Un poeta parla di ciò che realmente vive o di ciò che vorrebbe ricevere, e che sempre gli sfugge?


Parla sempre, sempre, sempre, di ciò che vorrebbe ricevere, cioè soldi; e sempre, sempre, sempre di ciò che a lui sfugge, cioè la notorietà. Il 90% dei vati che ho conosciuto vorrebbe essere un incrocio, mondadoriano, tra Balotelli e Belén, e ci riesce: un Belòt.


A quale gioco della tua infanzia vorresti paragonare la tua poesia?


Gioco dello striptease, incominciato sin dalla tenera età di sette/otto anni nel cortile di casa, con ragazzini e ragazzine consenzienti (?). Ciascuno decideva un vestito, che l’altro/a doveva levare, nascosti dentro a un box o dietro a una macchina. Io, non contento, cercavo sempre di convincere l’uno a infilare qualcosa nel qualcosa dell’altra. La mia anti-«poesia», ecco, continua a cercare di inoculare il lettore [sebbene mia madre non sappia, sono conscio che una mia intervista non finirà mai sul Corriere della Sera].


Che cosa ti ha insegnato la frequentazione della scrittura poetica?


Le brutte frequentazioni mi hanno insegnato che «tutti quelli che fanno codesto mestiere finiscono sempre allo spedale o in prigione» [Pinocchio]. La scrittura in versi ha la stessa scarsa reputazione di me.


Qual è il grado di finzione e di mascheramento di un poeta?


Dipende da che club-privè frequenta. La funzione mimetica dell’intelle(a)ttuale è fondamentale, in un mondo dove il super-capitalismo nomade appare e scompare, divenendo inafferrabile, dietro i clicks di un mouse che causano i crolli delle borse o i fallimenti di intere nazioni. Per sconfiggere un nomade, devi diventare nomade, mascherarti, attaccare nell’ombra, diventare un clochard, claudicare, un homeless dell’arte, un fautore della guerrilla metrica, nei suoi due fondamenti: finzione e mascheramento. 


Vorresti citare un poeta da ricordare e da rivalutare?


Non amo la «poesia». Citiamo filosofi, sociologi e storici. Citiamo Bauman, Beck, Sennett…


Qual è il dono che augureresti a un poeta, oggi?


Eh, diventare, finalmente, compiutamente, felicemente un bel Belòt.
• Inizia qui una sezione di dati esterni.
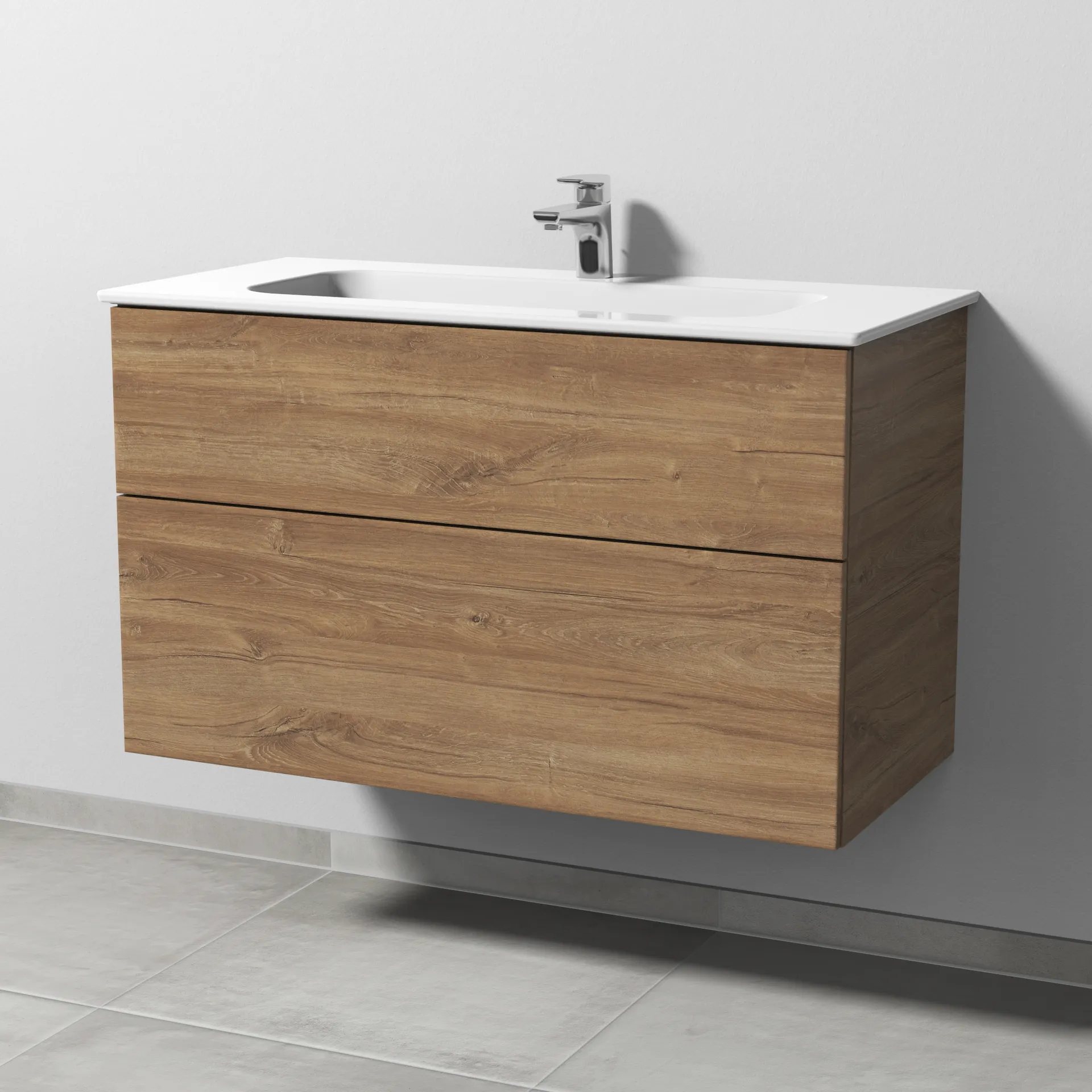 Sanipa Keramik-Waschtisch-Set mit Waschtischunterschrank „3way“ 97 × 46 × 58,2 cm in Eiche Kansas, mittig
Puoi citare un verso che ti è particolarmente caro?


«Mieow».
O, al massimo, […] there’s a bluebird in my heart that // wants to get out // but I pour whiskey on him and inhale // cigarette smoke // and the whores and the bartenders // and the grocery clerks // never know that // he’s // in there […], essendomi costato quasi 1.500€ (cioè ogni cosa scritta da o su di lui). Come verso, è stato caro, molto caro.